Por: Jesús Silva-Herzog Márquez
Ilustración: José María Martínez, cortesía de Nexos
El libro clásico de Benedict Anderson sobre la nación detecta la ceguera común del liberalismo y del marxismo. Ninguno fue capaz de comprender el poder de la nación. Por ello no se esforzaron siquiera en nombrarla y darle alguna precisión a la palabra. Fue eso lo que hizo Anderson al detectar que las naciones son criaturas de la imaginación. Son, de alguna manera, un producto literario. Las novelas cultivaron un nuevo nosotros, un nosotros vivo, eterno y anónimo. Al imprimir a diario sus periódicos, las rotativas parieron a la nación. Sembraron en la fantasía de cada lector la idea de que, al leer las noticias por la mañana, participaba de una ceremonia que incluía a todos los integrantes de la nacionalidad. Lectura de comunión.
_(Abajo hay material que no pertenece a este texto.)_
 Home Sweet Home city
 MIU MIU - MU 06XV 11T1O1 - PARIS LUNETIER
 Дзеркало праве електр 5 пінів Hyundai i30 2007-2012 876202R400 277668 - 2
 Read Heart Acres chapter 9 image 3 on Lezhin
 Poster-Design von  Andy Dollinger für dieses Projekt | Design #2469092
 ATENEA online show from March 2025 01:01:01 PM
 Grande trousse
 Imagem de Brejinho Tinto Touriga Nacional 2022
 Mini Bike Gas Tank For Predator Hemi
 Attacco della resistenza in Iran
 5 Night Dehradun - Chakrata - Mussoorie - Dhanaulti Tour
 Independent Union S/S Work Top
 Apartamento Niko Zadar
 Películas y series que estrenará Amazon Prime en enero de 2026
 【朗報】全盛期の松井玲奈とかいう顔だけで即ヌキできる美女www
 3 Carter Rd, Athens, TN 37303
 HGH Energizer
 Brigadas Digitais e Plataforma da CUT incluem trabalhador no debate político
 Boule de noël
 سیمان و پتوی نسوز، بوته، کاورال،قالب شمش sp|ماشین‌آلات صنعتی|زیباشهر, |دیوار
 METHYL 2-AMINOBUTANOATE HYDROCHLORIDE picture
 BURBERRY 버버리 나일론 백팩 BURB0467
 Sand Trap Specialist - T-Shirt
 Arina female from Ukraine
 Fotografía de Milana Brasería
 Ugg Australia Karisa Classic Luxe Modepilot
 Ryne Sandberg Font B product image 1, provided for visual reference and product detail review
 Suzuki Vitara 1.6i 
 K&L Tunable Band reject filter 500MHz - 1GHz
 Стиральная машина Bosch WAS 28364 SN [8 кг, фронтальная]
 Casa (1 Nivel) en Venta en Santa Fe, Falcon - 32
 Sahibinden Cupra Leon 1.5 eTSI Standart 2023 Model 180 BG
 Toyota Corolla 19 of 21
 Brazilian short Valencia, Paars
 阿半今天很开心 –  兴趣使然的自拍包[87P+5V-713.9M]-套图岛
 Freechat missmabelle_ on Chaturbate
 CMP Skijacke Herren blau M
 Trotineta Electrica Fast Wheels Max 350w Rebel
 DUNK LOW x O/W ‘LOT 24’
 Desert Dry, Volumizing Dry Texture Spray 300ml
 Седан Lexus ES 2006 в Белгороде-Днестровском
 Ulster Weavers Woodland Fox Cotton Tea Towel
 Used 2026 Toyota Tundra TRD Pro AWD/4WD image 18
Gracias a los diarios y a la ficción vivimos el mismo tiempo y compartimos destino. La nación, descubre Anderson, es una comunidad imaginada. Imaginada porque, aunque no conozcamos a todos los que integran esa comunidad, los creemos parte nuestra. La imaginación nos hace parientes. Porque, aunque prevalezcan desigualdades, la concebimos como una camaradería profunda y horizontal. Las tumbas al soldado desconocido son, por eso, el máximo símbolo de la imaginación nacional: nadie sabe qué huesos se veneran porque.